Monday, August 8, 2011

China Miéville


Perdido Street Station. China Miville
Where I can understand people being off put by Perdido Street Station, it never did that for me it was pretty much reading crack for me and I lived only to read it when I first discovered it. It felt like reliving my childhood in a new light as it was so entwined with my first literary loves of Moorcock, Wells, Poe, and Lovecraft and also with my adult faves like Angela Carter, W.S. Burroughs, and Borges.


The Scar


The Scar is a wonderful evocation of the macabre adventure stories of Verne and Wells, philosophical treatise on dystopias/utopias, dark steampunk fantasia in the Moorcock vein, grisly spy story, mad quest worthy of Melville, and a language showcase. I think once the shock of the new wore off that caused people to fawn over Perdido Street Station(which for the most part deserved the praise) critics and readers dimissed the other two subsequent books of Mieville’s anti-trilogy. Well, they missed out because I think he got better. Not much in fiction is more intense than the last third of this book where it gets pretty messy.


Iron Council


Enough imagination for eighty books..my favorite of Mieville's anti-trilogy for some reason...seems like you walked into a Bosch painting for most of the book.The most dismissed of Mieville’s books maybe because the first hundred pages are a little confusing and the structure strains a little bit more than usual. While all his books have flaws his enormous imagination and stunning vocabulary (rivaling Wolfe and McCarthy) pave over any hesitations I have. This one focuses on a tragic and costly civil war and the idea of heroes and roles people decide to play. Of course it’s also a fun and yet disturbing adventure that is part gothic western a la McCarthy and features a surreal war that evokes Bosch and Lovecraft . A love for folklore, language, politics, and real history infuse this one with some heft.

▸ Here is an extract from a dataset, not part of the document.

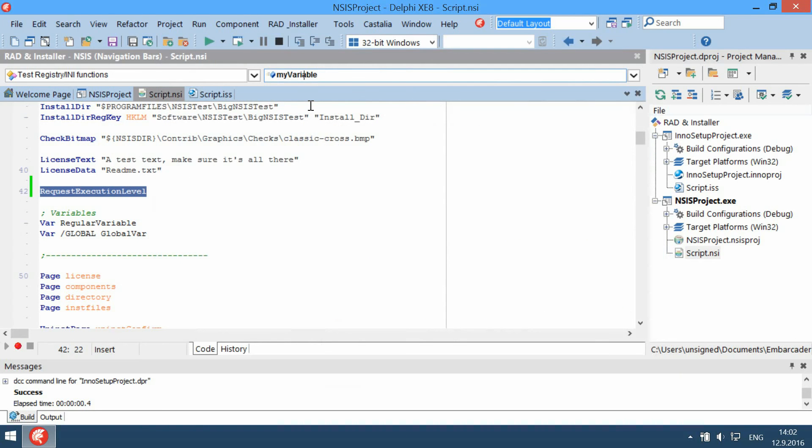However, if you make any mistake, the compiler shows you the error line and the correct usage, if possible.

Mieville in his Bas Lag books took the gothic secondary world fantasy of Peake and M. John Harrison added complexity worthy of Thomas Pynchon, a vocabulary matching Gene Wolfe and Cormac McCarthy, and grotesque imagery of Bosch and Ernst; and created a series that may have the cultural impact of Gibson’s Sprawl trilogy. This book features not even a hint of that. He must have lost his favorite thesaurus with all the sticky notes in the right place. If this was handed to me without a cover Mieville wouldn’t even be a consideration for me when guessing the author. That said I enjoyed this for the most part. He obviously intended to follow the police procedural formula to tell his story but most of the characters were pretty hard to distinguish so a lot of the plot revelations fell flat for me. This book also is intended as a tribute to Bruno Shultz and other Eastern European authors(impeccable taste as always) but a few references aside it didn’t do much for me there as nothing resembled Shultz’s night music laced world. The setting provided many memorable and thoughtful metaphors that will linger once the characters and plot fade. Glad he is trying different stuff but I won’t rush back and reread this one while I struggle to keep from rereading his other books.